В третьей газете сообщалось о приезде в город нового проповедника-целителя. На этот раз из Финляндии.
Так или иначе, в любой из собранных Андреем газет я наталкивался на следы или прямое явление «Америкэн перпетум мобиле». И, наконец, «Московские новости», которые оказались последней газетой в пачке, с прискорбием сообщили о закрытии нескольких филиалов крупнейшей американской компании «Америкэн перпетум мобиле», «проводившей на территории России широкую исследовательскую и благотворительную деятельность». Я не склонен был связывать это с нашим пребыванием в Темном Дворце, может, разве что с действием ПЭВД. Газетчики объясняли все просто: наше правительство не создало режим максимального благоприятствования. Я же для себя решил, что компания Дэвилза достаточно засветилась и теперь должна была появиться в тысяче городов под тысячей новых названий.
К Андрею меня просто-напросто не пустили. Пришлось употребить всяческие хитрости и заговаривать зубы дежурившим на этаже медсестрам. Он лежал в серой четырехместной палате, напичканной обшарпанными приборами времен расцвета СЭВ. К руке его тянулась капельница. Серость в палату добавляло окно, за которым висели облака, похожие на грязную, небрежно надерганную вату.
— Ну наконец-то, — сказал Андрей, увидев меня на пороге палаты, — я уж думал, ты устроился в какую-нибудь вновь открытую корпорейшен и трудишься без выходных.
— Лучше скажи, как ты?
— Да прижало чуть-чуть. Неприятно, конечно, но и в этом есть свои преимущества: раньше я только знал, где находится сердце, а теперь, вот, даже чувствую. В вечные двигатели, правда, мой мотор не годится, хотя он и пламенный.
— Разве инфаркт в тридцать лет бывает?
— Теперь — это норма. Но у меня до инфаркта не дошло. Так что можно считать, что я просто ушел в отпуск, завалился полежать, подумать, а главное — есть время работать над стихами. А то разъездился тут по америкам. Жене я сказал, что ездил в Москву, мол, там сборничек намечается, так что ты не сболтни, все равно не поверит. Да и что я расскажу? Как я в Нью-Йорке негра на хрен послал? Так это теперь и в Урюпинске сделать можно.

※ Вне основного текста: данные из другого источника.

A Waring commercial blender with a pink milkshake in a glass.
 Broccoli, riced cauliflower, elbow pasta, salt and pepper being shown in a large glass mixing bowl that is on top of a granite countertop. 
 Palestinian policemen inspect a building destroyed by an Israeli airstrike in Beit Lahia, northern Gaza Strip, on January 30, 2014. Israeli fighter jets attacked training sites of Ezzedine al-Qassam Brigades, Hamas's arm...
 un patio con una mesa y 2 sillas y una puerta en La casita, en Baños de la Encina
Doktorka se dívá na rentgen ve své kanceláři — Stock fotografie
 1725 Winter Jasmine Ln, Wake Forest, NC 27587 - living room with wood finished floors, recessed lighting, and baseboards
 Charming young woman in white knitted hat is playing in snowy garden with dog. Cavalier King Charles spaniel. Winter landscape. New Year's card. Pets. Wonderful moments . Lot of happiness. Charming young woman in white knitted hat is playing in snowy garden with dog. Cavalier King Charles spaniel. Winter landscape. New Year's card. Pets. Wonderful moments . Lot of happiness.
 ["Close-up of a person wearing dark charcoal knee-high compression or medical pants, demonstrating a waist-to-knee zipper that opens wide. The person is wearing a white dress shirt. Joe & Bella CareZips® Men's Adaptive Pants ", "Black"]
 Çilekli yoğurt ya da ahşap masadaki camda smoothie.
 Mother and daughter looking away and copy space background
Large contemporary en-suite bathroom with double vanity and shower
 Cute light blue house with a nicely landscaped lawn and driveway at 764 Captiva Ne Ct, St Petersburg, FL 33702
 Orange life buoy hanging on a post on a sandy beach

— Мне кажется, я тоже вроде как заболел, — признался я. — Какой-то страх ходит следом и тянет из меня душу. Понемногу-помаленьку… Ночью всякая дрянь — чернуха снится. Современный кинематограф, да и только. Один раз у меня нечто подобное уже было: пригласили мне за счет «Америкэн перпетум мобиле» толпу экстрасенсов — вроде полегче стало.
— Вот это ты, брат, зря. От них пользы — одна видимость, а вот сколько вреда — этого-то ты сразу и не увидишь, не почувствуешь. Ты лучше съезди к бабе Лине в Кмышев.
— ?..
— Съезди-съезди. Она тебе и скажет, где у тебя болит, и как они тебя залечили. Не вздумай только по психотерапевтам и невропатологам ходить — валерьянкой не отделаешься. Посадят на «колеса»- поедешь в дурдом. — Он тут же стал писать адрес. — К бабе Лине на электричке чуть больше часа, а там — через поле — дом на окраине. Это не Нью-Йорк, ближе.
Пока он писал и рисовал план, я взял небольшой сборник стихов, лежавший на тумбочке.
— Это не мои, — как бы извиняясь, предупредил Андрей.
На титульном листе — имя поэта: Михаил Федосенков.